#### [Exercise description]
Word for word, transcribe the records that follow.
** Opening Exercise materials block **
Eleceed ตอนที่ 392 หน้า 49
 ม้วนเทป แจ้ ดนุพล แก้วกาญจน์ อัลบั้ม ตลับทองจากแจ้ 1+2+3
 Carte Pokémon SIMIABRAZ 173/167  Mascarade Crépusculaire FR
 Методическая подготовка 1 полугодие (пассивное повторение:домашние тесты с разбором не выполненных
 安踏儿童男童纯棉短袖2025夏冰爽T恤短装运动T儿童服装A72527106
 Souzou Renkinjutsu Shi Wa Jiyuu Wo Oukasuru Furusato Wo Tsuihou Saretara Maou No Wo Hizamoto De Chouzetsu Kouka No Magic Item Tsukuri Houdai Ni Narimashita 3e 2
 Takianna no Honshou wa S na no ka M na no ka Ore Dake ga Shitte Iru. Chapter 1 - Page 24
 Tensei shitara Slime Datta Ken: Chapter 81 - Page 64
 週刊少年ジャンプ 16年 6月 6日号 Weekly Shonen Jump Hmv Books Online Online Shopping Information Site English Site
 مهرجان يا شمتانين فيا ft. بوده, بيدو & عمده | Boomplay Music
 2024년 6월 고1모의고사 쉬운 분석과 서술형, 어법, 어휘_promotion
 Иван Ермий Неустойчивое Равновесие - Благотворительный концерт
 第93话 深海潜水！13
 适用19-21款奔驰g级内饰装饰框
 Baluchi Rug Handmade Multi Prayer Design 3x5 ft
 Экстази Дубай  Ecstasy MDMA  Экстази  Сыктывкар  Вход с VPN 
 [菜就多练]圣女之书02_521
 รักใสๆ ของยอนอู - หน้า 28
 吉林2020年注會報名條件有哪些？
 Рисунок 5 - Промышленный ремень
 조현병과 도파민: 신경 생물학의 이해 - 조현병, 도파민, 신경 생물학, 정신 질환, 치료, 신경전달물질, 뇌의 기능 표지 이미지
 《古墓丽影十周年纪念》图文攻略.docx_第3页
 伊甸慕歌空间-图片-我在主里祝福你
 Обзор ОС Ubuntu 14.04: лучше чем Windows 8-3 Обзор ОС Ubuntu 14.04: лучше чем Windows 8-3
** Closing Exercise materials block **
#### [Answer box]
Eleceed ตอนที่ 392 หน้า 49
 ม้วนเทป แจ้ ดนุพล แก้วกาญจน์ อัลบั้ม ตลับทองจากแจ้ 1+2+3
 Carte Pokémon SIMIABRAZ 173/167  Mascarade Crépusculaire FR
 Методическая подготовка 1 полугодие (пассивное повторение:домашние тесты с разбором не выполненных
 安踏儿童男童纯棉短袖2025夏冰爽T恤短装运动T儿童服装A72527106
 Souzou Renkinjutsu Shi Wa Jiyuu Wo Oukasuru Furusato Wo Tsuihou Saretara Maou No Wo Hizamoto De Chouzetsu Kouka No Magic Item Tsukuri Houdai Ni Narimashita 3e 2
 Takianna no Honshou wa S na no ka M na no ka Ore Dake ga Shitte Iru. Chapter 1 - Page 24
 Tensei shitara Slime Datta Ken: Chapter 81 - Page 64
 週刊少年ジャンプ 16年 6月 6日号 Weekly Shonen Jump Hmv Books Online Online Shopping Information Site English Site
 مهرجان يا شمتانين فيا ft. بوده, بيدو & عمده | Boomplay Music
 2024년 6월 고1모의고사 쉬운 분석과 서술형, 어법, 어휘_promotion
 Иван Ермий Неустойчивое Равновесие - Благотворительный концерт
 第93话 深海潜水！13
 适用19-21款奔驰g级内饰装饰框
 Baluchi Rug Handmade Multi Prayer Design 3x5 ft
 Экстази Дубай  Ecstasy MDMA  Экстази  Сыктывкар  Вход с VPN 
 [菜就多练]圣女之书02_521
 รักใสๆ ของยอนอู - หน้า 28
 吉林2020年注會報名條件有哪些？
 Рисунок 5 - Промышленный ремень
 조현병과 도파민: 신경 생물학의 이해 - 조현병, 도파민, 신경 생물학, 정신 질환, 치료, 신경전달물질, 뇌의 기능 표지 이미지
 《古墓丽影十周年纪念》图文攻略.docx_第3页
 伊甸慕歌空间-图片-我在主里祝福你
 Обзор ОС Ubuntu 14.04: лучше чем Windows 8-3 Обзор ОС Ubuntu 14.04: лучше чем Windows 8-3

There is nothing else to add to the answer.